What you should do | Please give every line below again exactly, but not its pictures.

Given information |
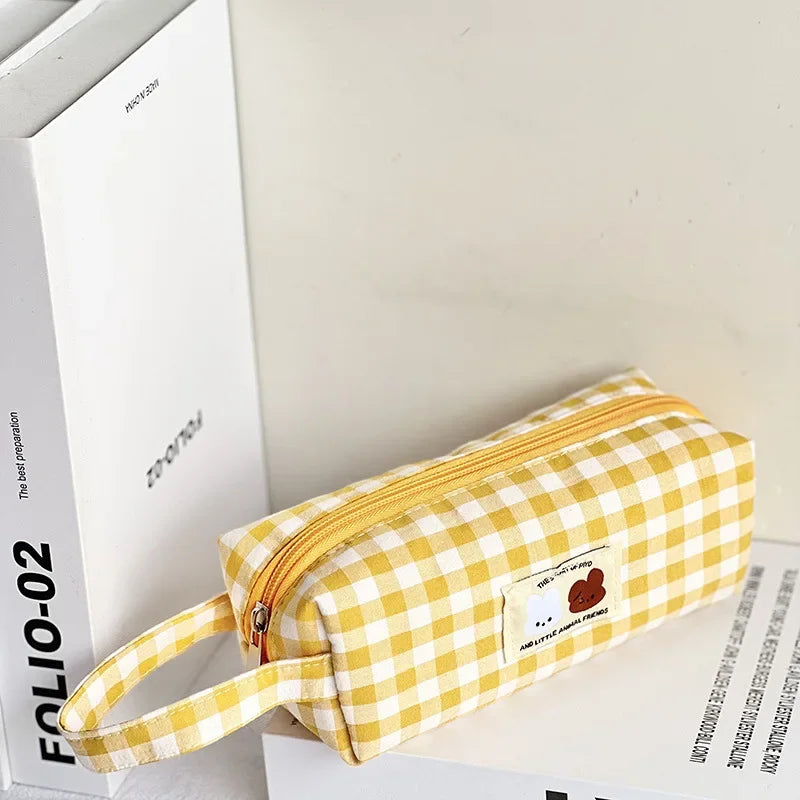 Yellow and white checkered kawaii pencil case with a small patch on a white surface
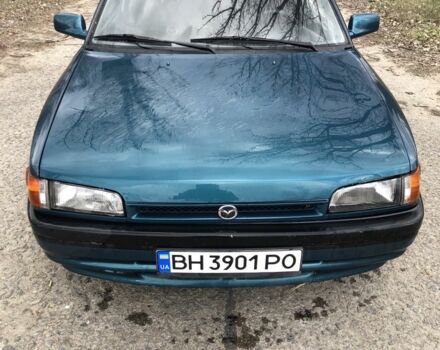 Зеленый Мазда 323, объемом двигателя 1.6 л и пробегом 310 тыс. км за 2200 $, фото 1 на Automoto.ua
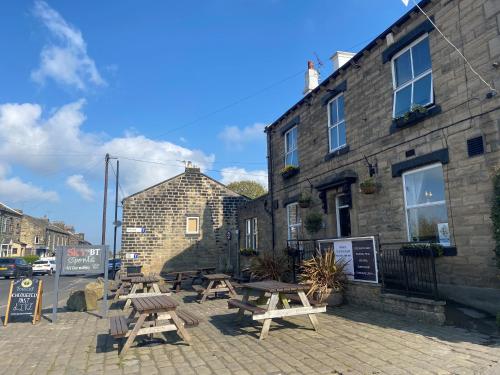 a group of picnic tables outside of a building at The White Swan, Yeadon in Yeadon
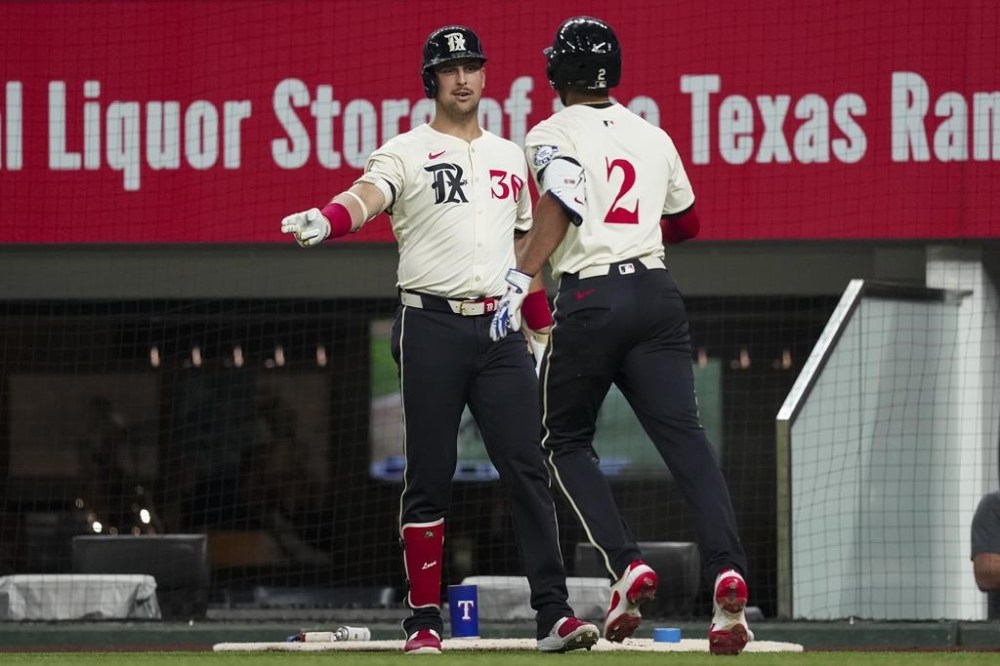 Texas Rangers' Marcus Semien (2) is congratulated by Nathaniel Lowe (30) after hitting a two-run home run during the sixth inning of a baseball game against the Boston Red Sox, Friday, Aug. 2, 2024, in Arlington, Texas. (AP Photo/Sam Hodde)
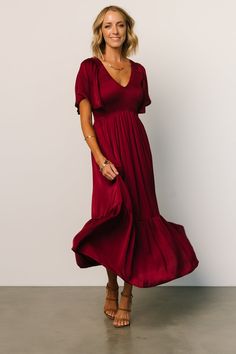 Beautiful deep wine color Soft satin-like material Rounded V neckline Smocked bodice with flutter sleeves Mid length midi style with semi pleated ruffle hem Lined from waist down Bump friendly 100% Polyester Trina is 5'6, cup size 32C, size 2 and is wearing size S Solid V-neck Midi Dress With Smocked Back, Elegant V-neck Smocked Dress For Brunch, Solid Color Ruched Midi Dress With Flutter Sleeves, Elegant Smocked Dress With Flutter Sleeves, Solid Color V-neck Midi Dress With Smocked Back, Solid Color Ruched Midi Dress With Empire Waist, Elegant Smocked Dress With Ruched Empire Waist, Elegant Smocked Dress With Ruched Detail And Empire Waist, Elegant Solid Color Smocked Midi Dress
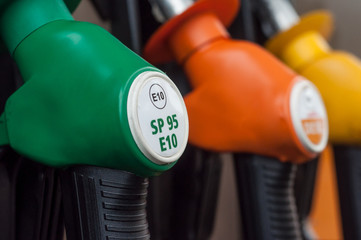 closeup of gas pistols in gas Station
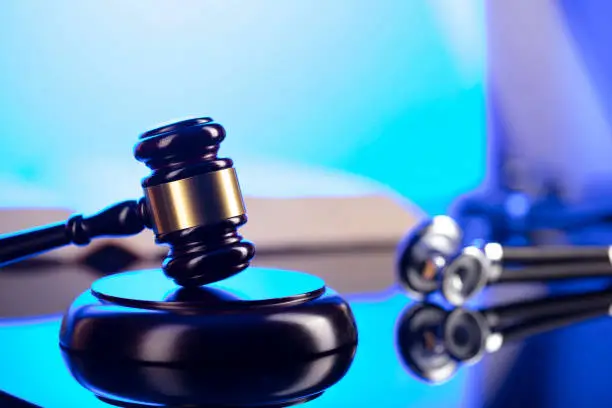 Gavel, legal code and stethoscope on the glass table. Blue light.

Solution to this problem |
 Yellow and white checkered kawaii pencil case with a small patch on a white surface
 Зеленый Мазда 323, объемом двигателя 1.6 л и пробегом 310 тыс. км за 2200 $, фото 1 на Automoto.ua
 a group of picnic tables outside of a building at The White Swan, Yeadon in Yeadon
 Texas Rangers' Marcus Semien (2) is congratulated by Nathaniel Lowe (30) after hitting a two-run home run during the sixth inning of a baseball game against the Boston Red Sox, Friday, Aug. 2, 2024, in Arlington, Texas. (AP Photo/Sam Hodde)
 Beautiful deep wine color Soft satin-like material Rounded V neckline Smocked bodice with flutter sleeves Mid length midi style with semi pleated ruffle hem Lined from waist down Bump friendly 100% Polyester Trina is 5'6, cup size 32C, size 2 and is wearing size S Solid V-neck Midi Dress With Smocked Back, Elegant V-neck Smocked Dress For Brunch, Solid Color Ruched Midi Dress With Flutter Sleeves, Elegant Smocked Dress With Flutter Sleeves, Solid Color V-neck Midi Dress With Smocked Back, Solid Color Ruched Midi Dress With Empire Waist, Elegant Smocked Dress With Ruched Empire Waist, Elegant Smocked Dress With Ruched Detail And Empire Waist, Elegant Solid Color Smocked Midi Dress
 closeup of gas pistols in gas Station
 Gavel, legal code and stethoscope on the glass table. Blue light.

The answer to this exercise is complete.